Food insecure families often resort to borrowing to augment their income and reduce the impact of food and financial shortage in the home. The seasonality in food availability in terms of market prices forces many families to incur debts or sell of livestock they need to keep [33]. The study participants were forced to rely on borrowing as a coping strategy. Some expressed that it was shameful to borrow and should be used as a last resort. Some on the other hand, did not consider borrowing money as shameful. There was however consensus among the women that borrowing food was more shameful than borrowing money.

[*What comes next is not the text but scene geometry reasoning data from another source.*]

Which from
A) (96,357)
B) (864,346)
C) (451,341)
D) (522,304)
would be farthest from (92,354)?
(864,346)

Many of the women often sought for help outside the household often in the form of informal kinship and non-kinship/community strategies to obtain food and/or money for their families. Some studies have shown that kinship linkages have weakened significantly over time as a result of the effects of urbanization. They do still exist among indigenous populations and can be a significant source of assistance in times of difficulty [11]. Participants’ affirmative responses to relying on help from a relative or friend outside the household indicate that informal kinship and non-kinship safety nets do exist in their communities.

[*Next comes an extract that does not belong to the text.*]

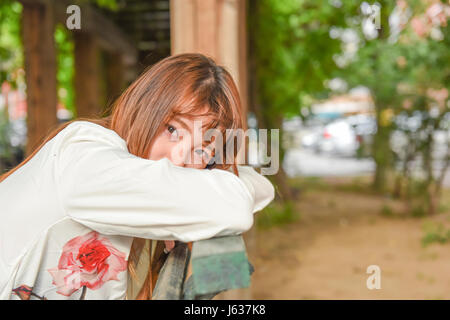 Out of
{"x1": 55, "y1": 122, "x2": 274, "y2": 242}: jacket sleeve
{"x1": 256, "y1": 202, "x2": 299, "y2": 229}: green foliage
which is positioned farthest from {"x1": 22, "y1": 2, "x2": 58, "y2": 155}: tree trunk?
{"x1": 55, "y1": 122, "x2": 274, "y2": 242}: jacket sleeve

Within the context of the study areas, affordability and therefore access to food may be a larger problem than availability. In other words, food insecurity among poor households in Anambra State may likely be as a result of poor purchasing power rather than lack of food production in the state [33]. Families need to be empowered to establish income-generating activities which should improve food access. The role of the State government towards ameliorating household food insecurity was emphasized in this study but there was general disappointment among the participants in the help available at community level through community leadership such as the town unions and traditional rulers. All the respondents expressed a desire for job opportunities, formal microfinance loans and vocational training programs from the government.

5. Conclusion

This study has shown that food insecurity is still a major problem among households in Anambra State, Nigeria. The financial crisis in recent years has contributed to increase in food prices and reduction in the purchasing power of household incomes. Being that majority of the households in this study purchased a large share of their food supply as opposed to growing their own food, the need for households especially low-income ones to diversify their food sources and diets through socially acceptable means cannot over-emphasized. Families should be encouraged and assisted in establishing home/kitchen gardens to augment household food and ensure availability of non-staple foods such as vegetables, eggs, fish and meat even when market prices of such foods are high.

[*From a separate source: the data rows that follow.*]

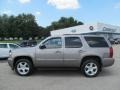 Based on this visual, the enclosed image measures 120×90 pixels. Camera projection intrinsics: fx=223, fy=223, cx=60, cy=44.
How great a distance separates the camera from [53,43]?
9609 millimetres

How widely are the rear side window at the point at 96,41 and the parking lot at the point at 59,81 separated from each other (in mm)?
1354

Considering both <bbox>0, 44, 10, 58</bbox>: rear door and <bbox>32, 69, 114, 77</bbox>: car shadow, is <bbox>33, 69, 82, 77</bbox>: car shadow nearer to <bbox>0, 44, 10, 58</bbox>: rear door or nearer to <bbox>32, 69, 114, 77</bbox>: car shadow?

Gender differences derive from the socially constructed relationship between men and women [27] and will require strong and sustained policy action to improve women’s status in Anambra State and Nigeria at large. Not only will this increase household income and women’s decision-making power, it will increase household food security, the women’s nutritional status and that of their children [27].

Acknowledgements

The authors thank the mothers of Ukpo, Ichida and Awka who generously gave their time to participate in the study. They are also especially grateful to their research assistants, the nurses and community health workers, Ms. Uju Okoben in particular as well as the matrons-in-charge, Mrs. F.N. Osakwe and Mrs. Dorathy Okoye of the primary health care centers at Iruzu, Ukpo and Mgbudu, Ichida who all helped in participant recruitment and data collection during the focus group discussions and interviews.

Statement of Competing Interests

The authors have no competing interests.

Funding

This research was self-funded by the authors.